*** Opening Records shown ***

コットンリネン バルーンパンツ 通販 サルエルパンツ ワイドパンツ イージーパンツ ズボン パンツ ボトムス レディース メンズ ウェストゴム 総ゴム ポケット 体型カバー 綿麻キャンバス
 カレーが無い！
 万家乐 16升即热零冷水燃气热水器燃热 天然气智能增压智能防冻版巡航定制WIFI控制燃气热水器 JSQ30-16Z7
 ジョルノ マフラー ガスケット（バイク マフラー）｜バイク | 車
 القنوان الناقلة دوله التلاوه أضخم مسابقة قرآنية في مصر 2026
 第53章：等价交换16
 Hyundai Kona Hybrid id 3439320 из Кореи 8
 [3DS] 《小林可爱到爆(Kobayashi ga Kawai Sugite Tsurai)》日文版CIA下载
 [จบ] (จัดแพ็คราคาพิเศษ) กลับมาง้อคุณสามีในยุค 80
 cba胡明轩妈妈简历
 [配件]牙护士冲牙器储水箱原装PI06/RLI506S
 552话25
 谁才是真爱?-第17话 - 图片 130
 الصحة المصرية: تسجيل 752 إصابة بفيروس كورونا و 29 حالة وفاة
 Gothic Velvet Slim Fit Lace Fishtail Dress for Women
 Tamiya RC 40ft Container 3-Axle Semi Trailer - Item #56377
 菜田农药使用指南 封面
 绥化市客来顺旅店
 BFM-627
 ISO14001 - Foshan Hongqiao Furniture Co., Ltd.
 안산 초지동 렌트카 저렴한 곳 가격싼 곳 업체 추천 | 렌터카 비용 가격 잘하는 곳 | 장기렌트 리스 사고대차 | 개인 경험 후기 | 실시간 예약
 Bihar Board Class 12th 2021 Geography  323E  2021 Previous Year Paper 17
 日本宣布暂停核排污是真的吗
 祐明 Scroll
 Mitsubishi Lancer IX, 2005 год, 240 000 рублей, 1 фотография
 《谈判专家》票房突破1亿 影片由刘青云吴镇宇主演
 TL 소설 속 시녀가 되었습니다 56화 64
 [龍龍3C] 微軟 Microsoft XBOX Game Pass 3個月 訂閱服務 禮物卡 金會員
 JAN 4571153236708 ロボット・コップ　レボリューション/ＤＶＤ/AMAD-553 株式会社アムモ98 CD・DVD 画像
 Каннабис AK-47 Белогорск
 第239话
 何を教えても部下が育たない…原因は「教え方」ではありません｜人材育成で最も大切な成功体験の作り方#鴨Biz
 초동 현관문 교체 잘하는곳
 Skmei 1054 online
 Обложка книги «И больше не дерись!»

*** Closing Records shown ***

Exercise » Copy out all of the records above with nothing altered.

Solution below »
コットンリネン バルーンパンツ 通販 サルエルパンツ ワイドパンツ イージーパンツ ズボン パンツ ボトムス レディース メンズ ウェストゴム 総ゴム ポケット 体型カバー 綿麻キャンバス
 カレーが無い！
 万家乐 16升即热零冷水燃气热水器燃热 天然气智能增压智能防冻版巡航定制WIFI控制燃气热水器 JSQ30-16Z7
 ジョルノ マフラー ガスケット（バイク マフラー）｜バイク | 車
 القنوان الناقلة دوله التلاوه أضخم مسابقة قرآنية في مصر 2026
 第53章：等价交换16
 Hyundai Kona Hybrid id 3439320 из Кореи 8
 [3DS] 《小林可爱到爆(Kobayashi ga Kawai Sugite Tsurai)》日文版CIA下载
 [จบ] (จัดแพ็คราคาพิเศษ) กลับมาง้อคุณสามีในยุค 80
 cba胡明轩妈妈简历
 [配件]牙护士冲牙器储水箱原装PI06/RLI506S
 552话25
 谁才是真爱?-第17话 - 图片 130
 الصحة المصرية: تسجيل 752 إصابة بفيروس كورونا و 29 حالة وفاة
 Gothic Velvet Slim Fit Lace Fishtail Dress for Women
 Tamiya RC 40ft Container 3-Axle Semi Trailer - Item #56377
 菜田农药使用指南 封面
 绥化市客来顺旅店
 BFM-627
 ISO14001 - Foshan Hongqiao Furniture Co., Ltd.
 안산 초지동 렌트카 저렴한 곳 가격싼 곳 업체 추천 | 렌터카 비용 가격 잘하는 곳 | 장기렌트 리스 사고대차 | 개인 경험 후기 | 실시간 예약
 Bihar Board Class 12th 2021 Geography  323E  2021 Previous Year Paper 17
 日本宣布暂停核排污是真的吗
 祐明 Scroll
 Mitsubishi Lancer IX, 2005 год, 240 000 рублей, 1 фотография
 《谈判专家》票房突破1亿 影片由刘青云吴镇宇主演
 TL 소설 속 시녀가 되었습니다 56화 64
 [龍龍3C] 微軟 Microsoft XBOX Game Pass 3個月 訂閱服務 禮物卡 金會員
 JAN 4571153236708 ロボット・コップ　レボリューション/ＤＶＤ/AMAD-553 株式会社アムモ98 CD・DVD 画像
 Каннабис AK-47 Белогорск
 第239话
 何を教えても部下が育たない…原因は「教え方」ではありません｜人材育成で最も大切な成功体験の作り方#鴨Biz
 초동 현관문 교체 잘하는곳
 Skmei 1054 online
 Обложка книги «И больше не дерись!»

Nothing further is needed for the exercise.